The document DB 110 is connected to the topic modeling module 115. The document DB 110 is used to store text collected in advance. For example, text collected from an SNS is stored.
The topic modeling module 115 is connected to the document DB 110 and the model output module 120. From multiple texts stored in the document DB 110, the topic modeling module 115 extracts words constituting the texts. The topic modeling module 115 applies the topic modeling technique to the extracted words, and generates a topic model. The topic modeling module 115 transmits the generated topic model to the model output module 120.
The model output module 120 is connected to the topic modeling module 115 and the model storage apparatus 125. The model output module 120 stores the topic model generated by the topic modeling module 115, in the model storage apparatus 125.
The model storage apparatus 125 is connected to the model output module 120 and the word topic estimating module 160. The model storage apparatus 125 stores the topic model which is output from the model output module 120 (the topic model generated by topic modeling module 115). The model storage apparatus 125 supplies the topic model to the word topic estimating module 160 of the contextual processing module 150.
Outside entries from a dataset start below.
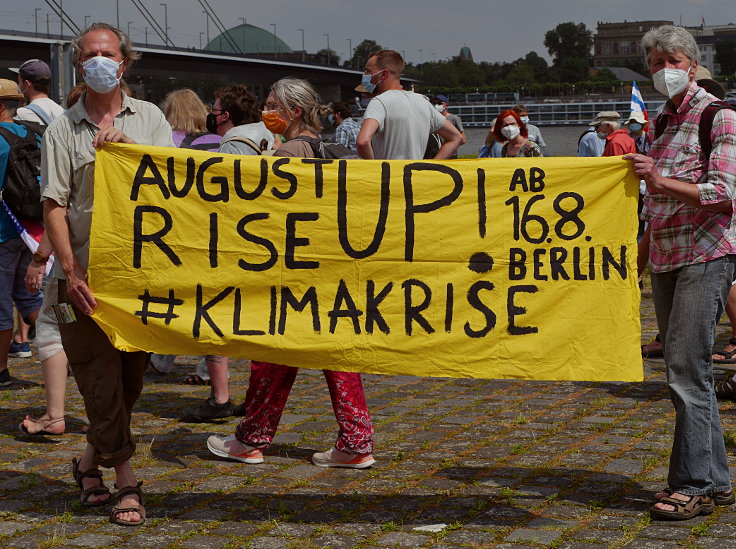© www.mutbuergerdokus.de: Demonstration: 'Versammlungsgesetz NRW stoppen! Grundrechte erhalten'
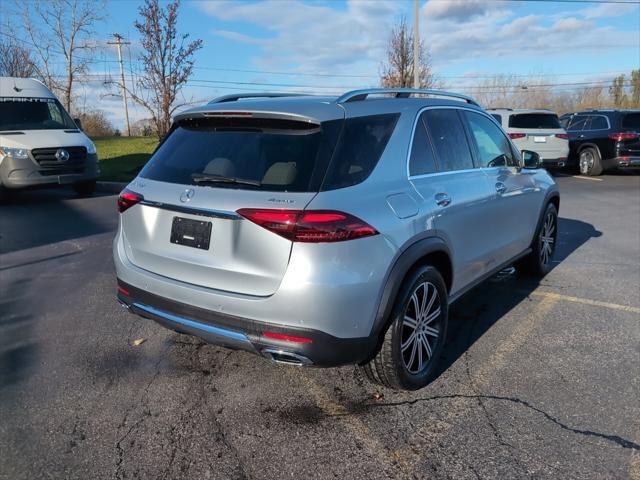 used 2024 Mercedes-Benz GLE 350 car, priced at $65,599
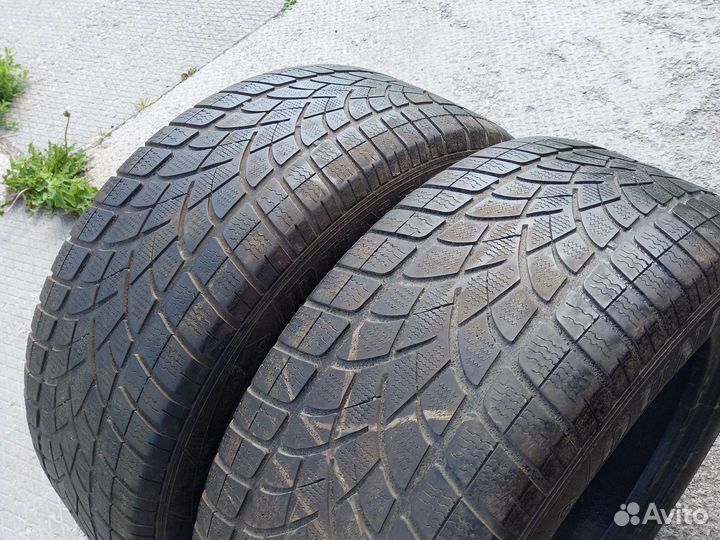 Dunlop SP Winter Sport 3D 265/50 R19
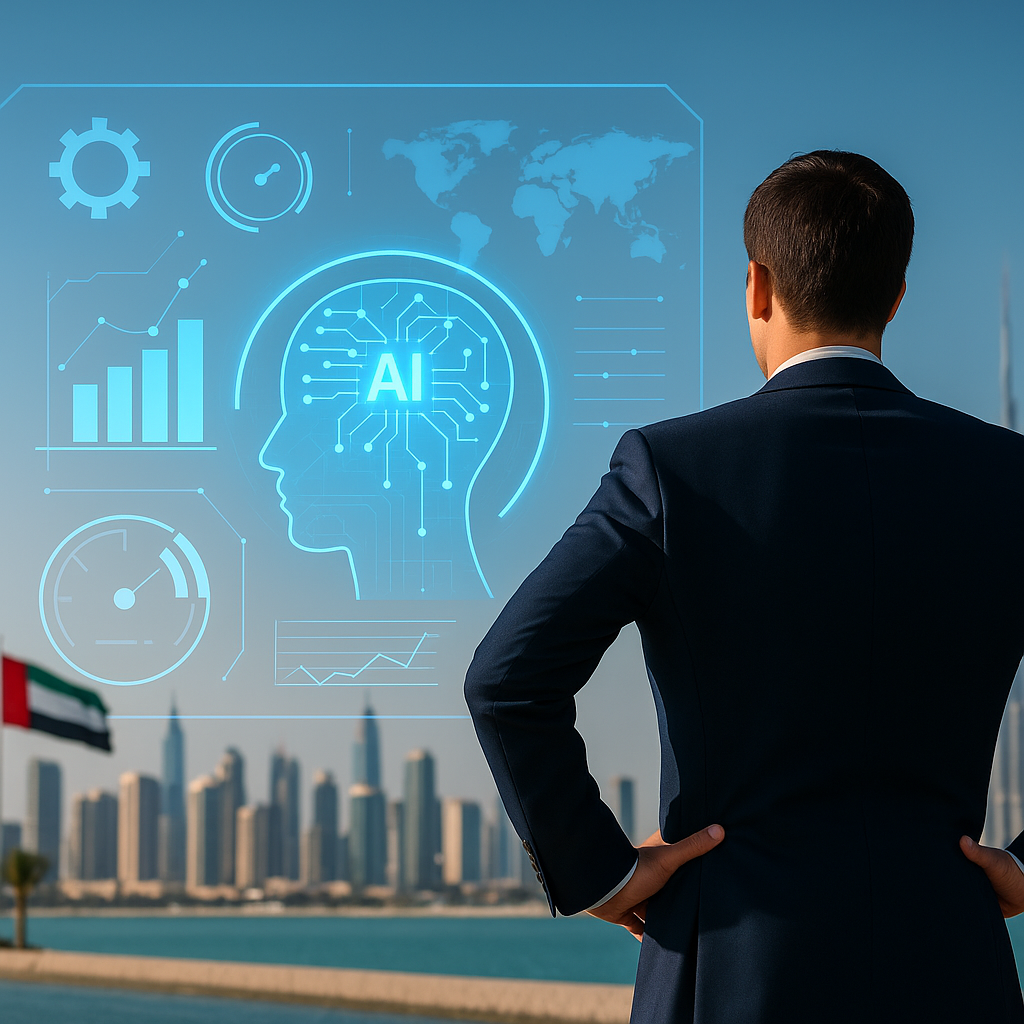 صورة تعبيرية مولّدة بالذكاء الاصطناعي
The document/target receiving module 155 is connected to the word topic estimating module 160. The document/target receiving module 155 receives a target and a target text. The target text is a text which is a target from which context words for the topic are extracted. For example, the target text may be a text created through a user operation using a mouse, a keyboard, a touch panel, voice, a line of sight, a gesture, or the like, or may be a text obtained by reading out a text stored in a storage apparatus such as a hard disk (including a storage apparatus included in a computer, and a storage apparatus connected via a network) or the like.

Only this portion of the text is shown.